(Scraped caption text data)
+++
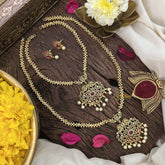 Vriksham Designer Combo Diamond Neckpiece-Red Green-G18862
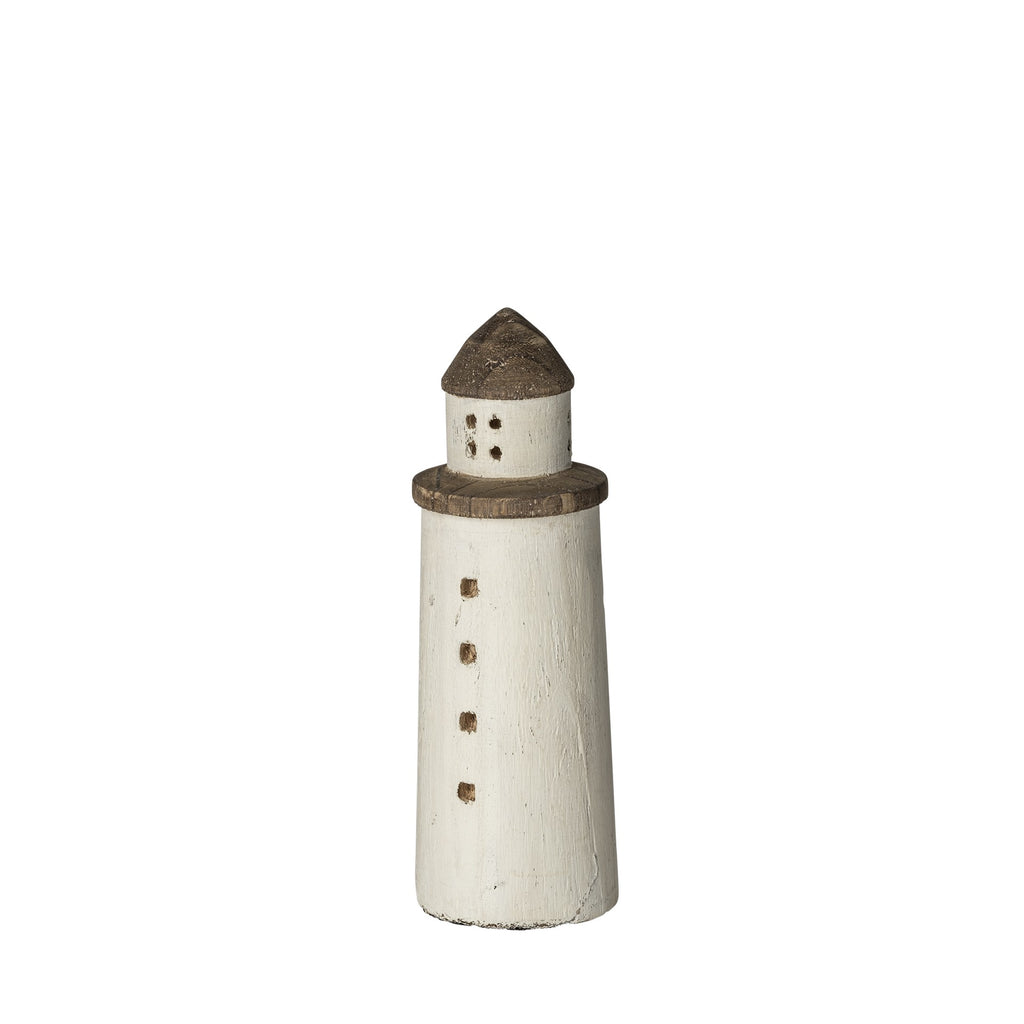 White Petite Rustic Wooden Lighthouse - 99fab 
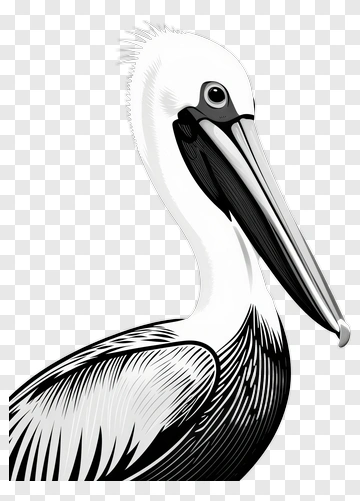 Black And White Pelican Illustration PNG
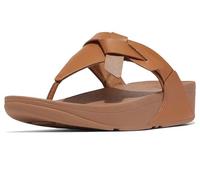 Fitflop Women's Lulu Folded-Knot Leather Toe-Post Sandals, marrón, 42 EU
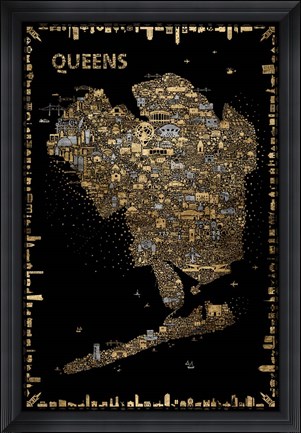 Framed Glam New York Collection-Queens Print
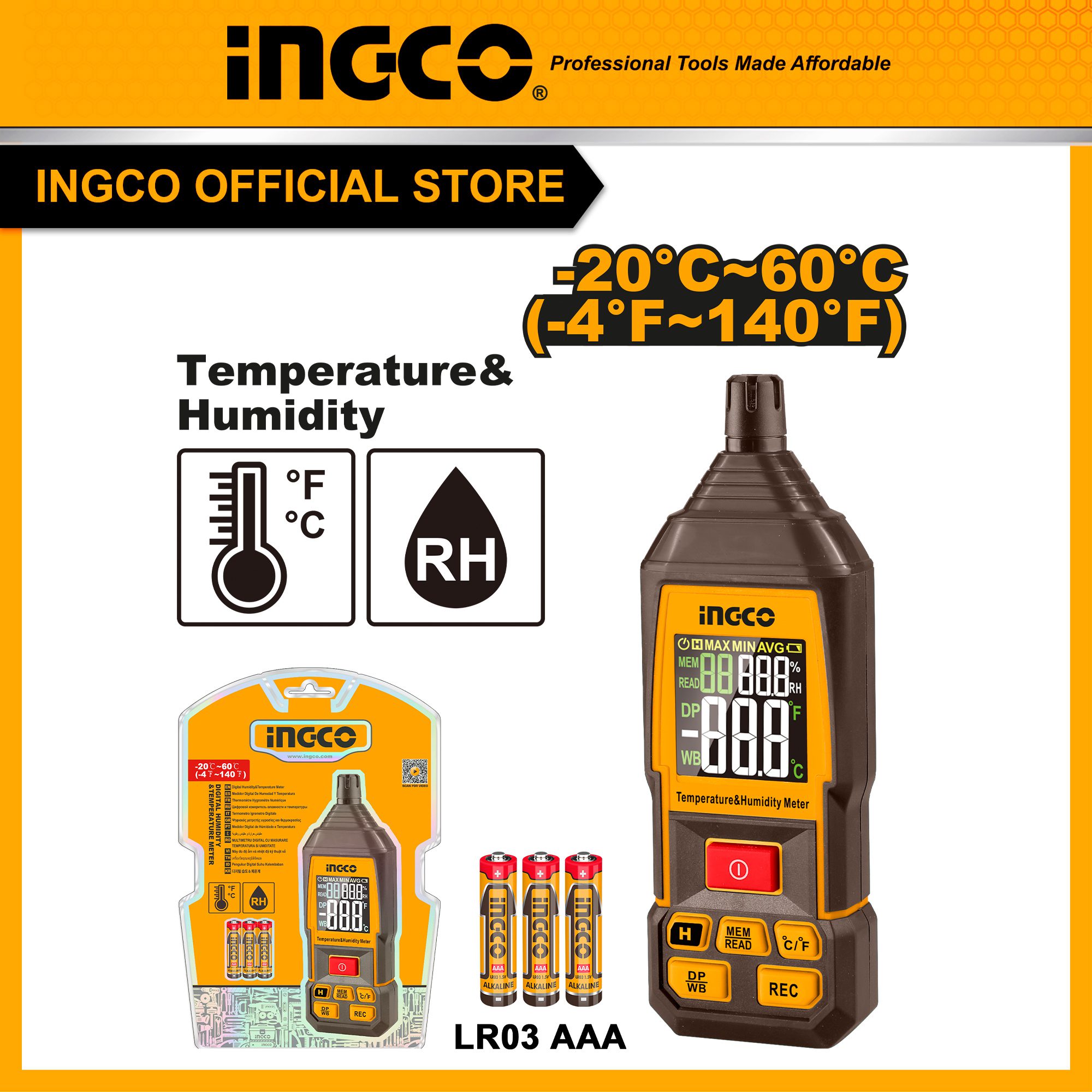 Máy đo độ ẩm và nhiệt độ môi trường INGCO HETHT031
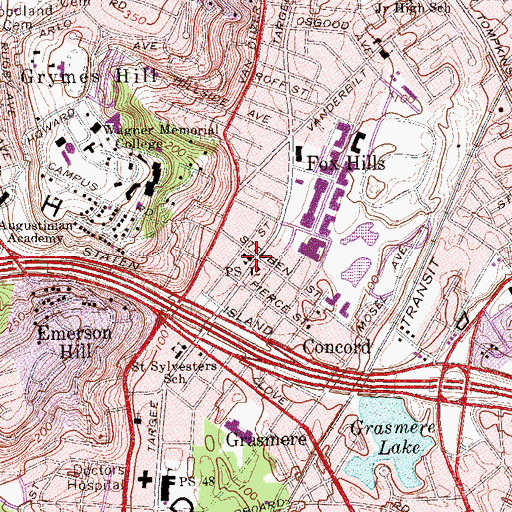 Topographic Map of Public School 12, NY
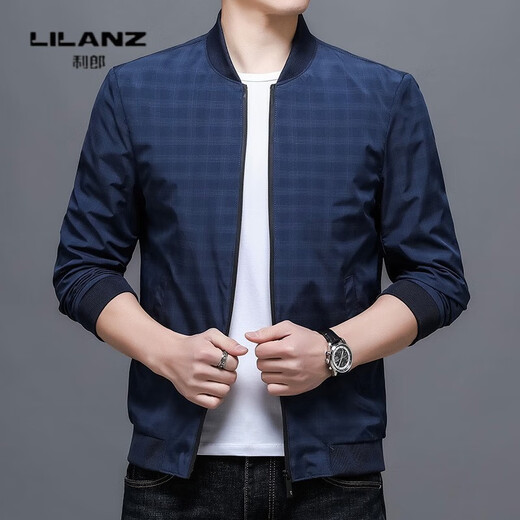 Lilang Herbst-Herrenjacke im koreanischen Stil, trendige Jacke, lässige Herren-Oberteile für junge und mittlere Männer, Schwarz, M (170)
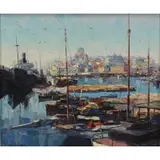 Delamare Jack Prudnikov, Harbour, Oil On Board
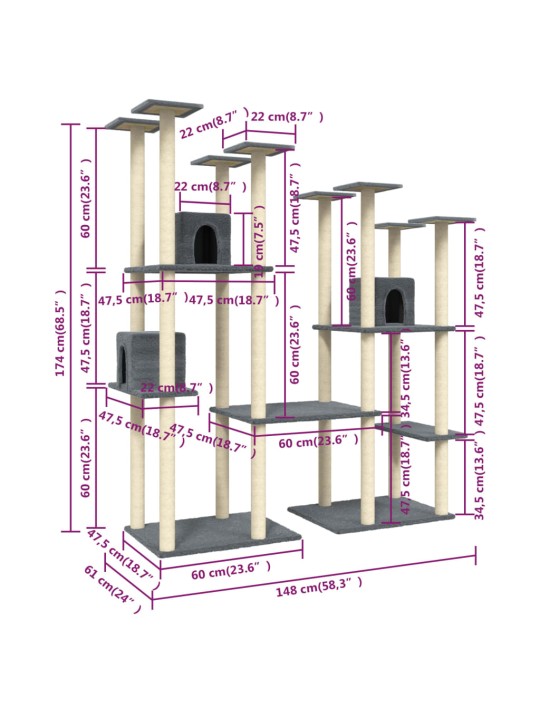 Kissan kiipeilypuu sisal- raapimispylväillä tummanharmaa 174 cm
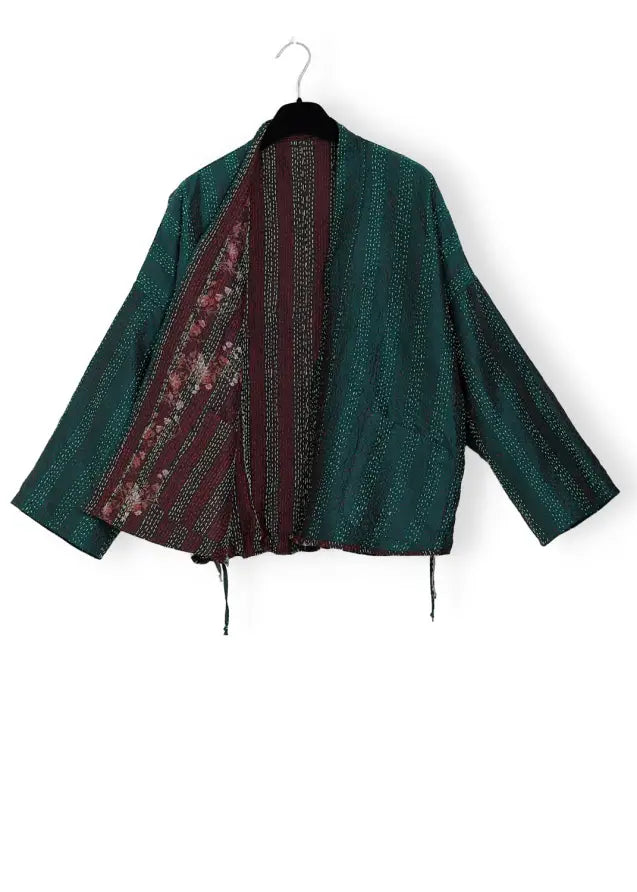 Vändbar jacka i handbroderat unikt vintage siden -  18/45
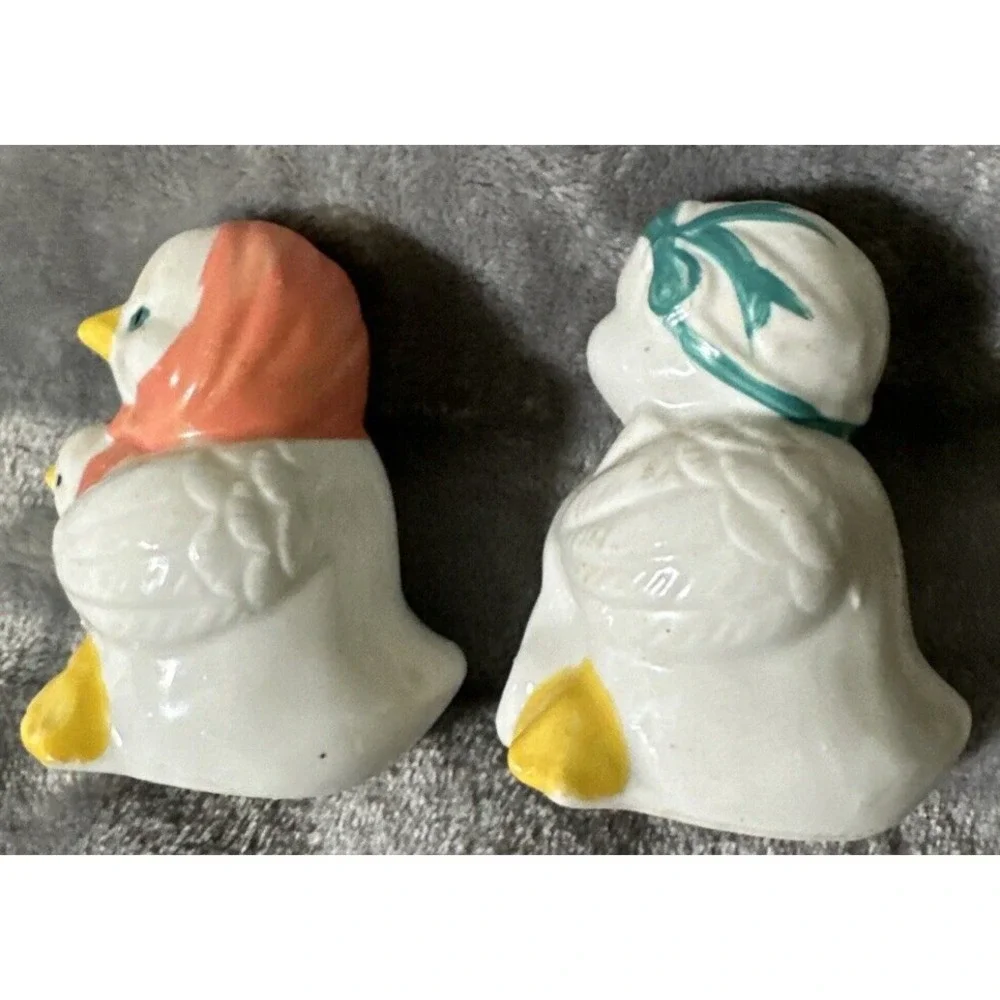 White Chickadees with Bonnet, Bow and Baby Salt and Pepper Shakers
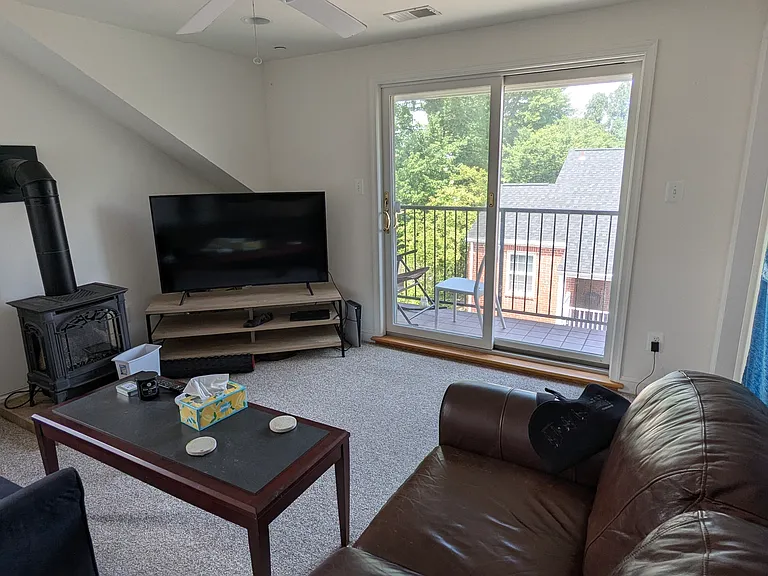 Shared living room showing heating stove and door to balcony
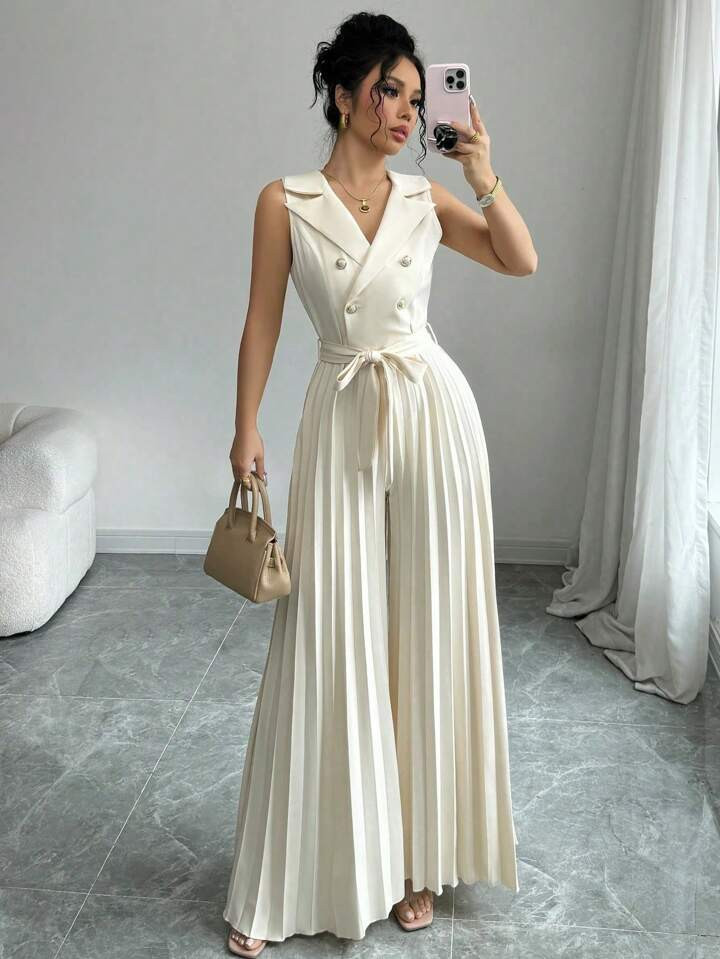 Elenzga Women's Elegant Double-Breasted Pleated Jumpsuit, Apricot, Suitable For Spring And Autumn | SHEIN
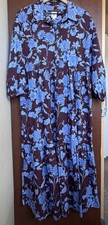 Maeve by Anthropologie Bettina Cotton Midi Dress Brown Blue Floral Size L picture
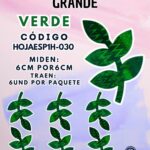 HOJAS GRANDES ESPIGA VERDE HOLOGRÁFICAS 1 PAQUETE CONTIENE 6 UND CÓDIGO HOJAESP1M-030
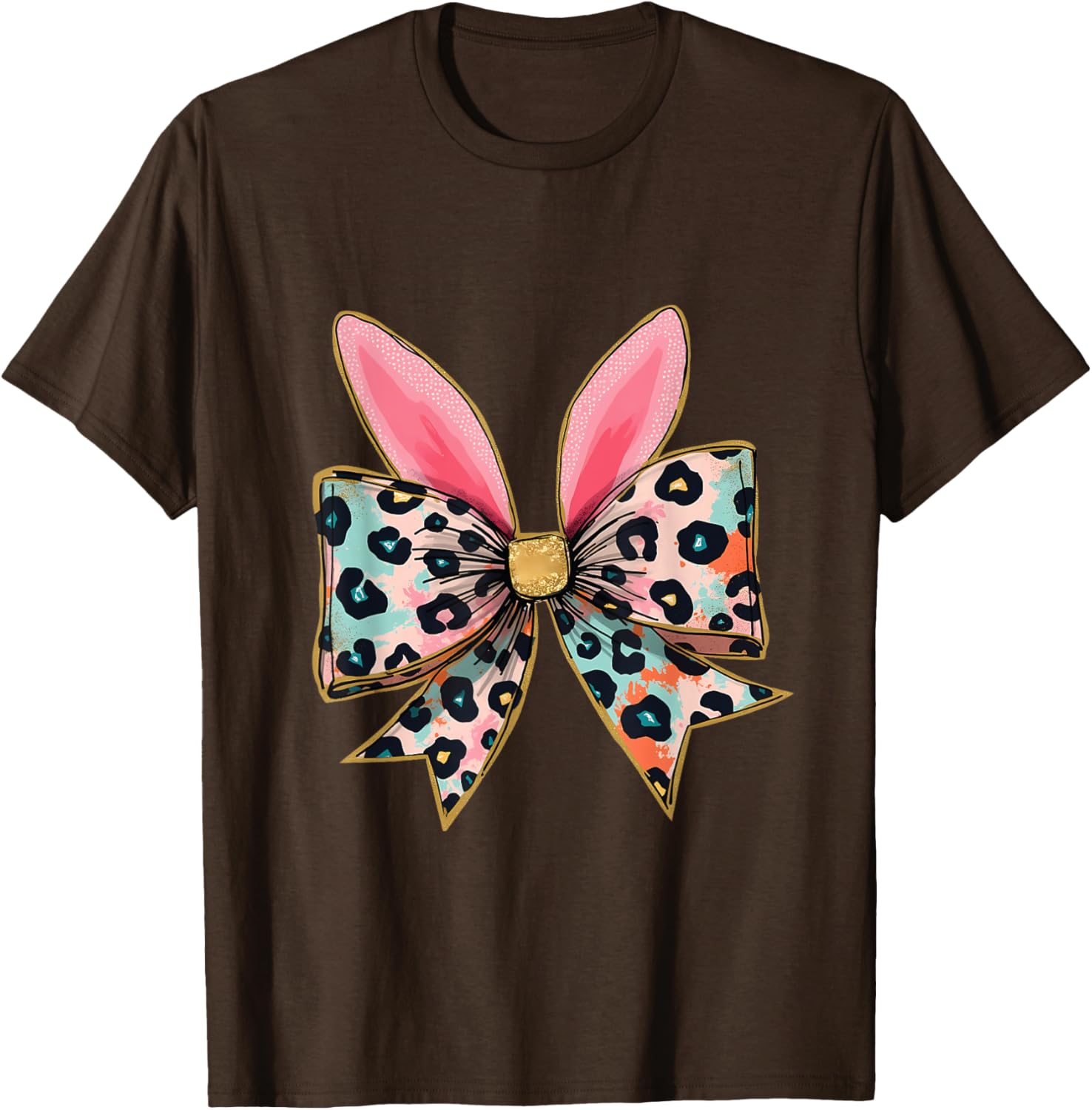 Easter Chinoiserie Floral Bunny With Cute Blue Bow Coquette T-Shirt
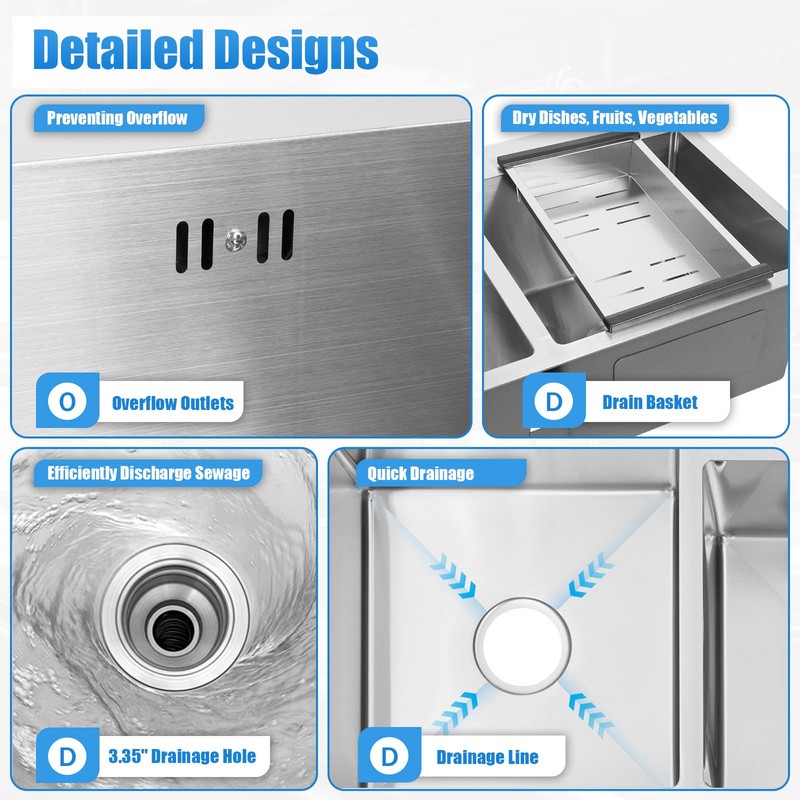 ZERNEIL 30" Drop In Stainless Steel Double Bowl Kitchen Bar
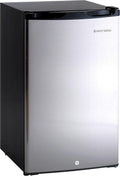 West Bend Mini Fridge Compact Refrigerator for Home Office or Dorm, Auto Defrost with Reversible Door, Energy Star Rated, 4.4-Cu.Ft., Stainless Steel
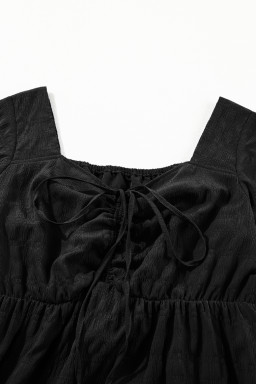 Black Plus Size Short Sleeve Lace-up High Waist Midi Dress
+++
• [What to produce]
Leave out the pictures and return, exactly as written, only the lines from the line with "White Chickadees with" through the end of the records above.

• [Reply]
 White Chickadees with Bonnet, Bow and Baby Salt and Pepper Shakers
 Shared living room showing heating stove and door to balcony
 Elenzga Women's Elegant Double-Breasted Pleated Jumpsuit, Apricot, Suitable For Spring And Autumn | SHEIN
 Maeve by Anthropologie Bettina Cotton Midi Dress Brown Blue Floral Size L picture
 HOJAS GRANDES ESPIGA VERDE HOLOGRÁFICAS 1 PAQUETE CONTIENE 6 UND CÓDIGO HOJAESP1M-030
 Easter Chinoiserie Floral Bunny With Cute Blue Bow Coquette T-Shirt
 ZERNEIL 30" Drop In Stainless Steel Double Bowl Kitchen Bar
 West Bend Mini Fridge Compact Refrigerator for Home Office or Dorm, Auto Defrost with Reversible Door, Energy Star Rated, 4.4-Cu.Ft., Stainless Steel
 Black Plus Size Short Sleeve Lace-up High Waist Midi Dress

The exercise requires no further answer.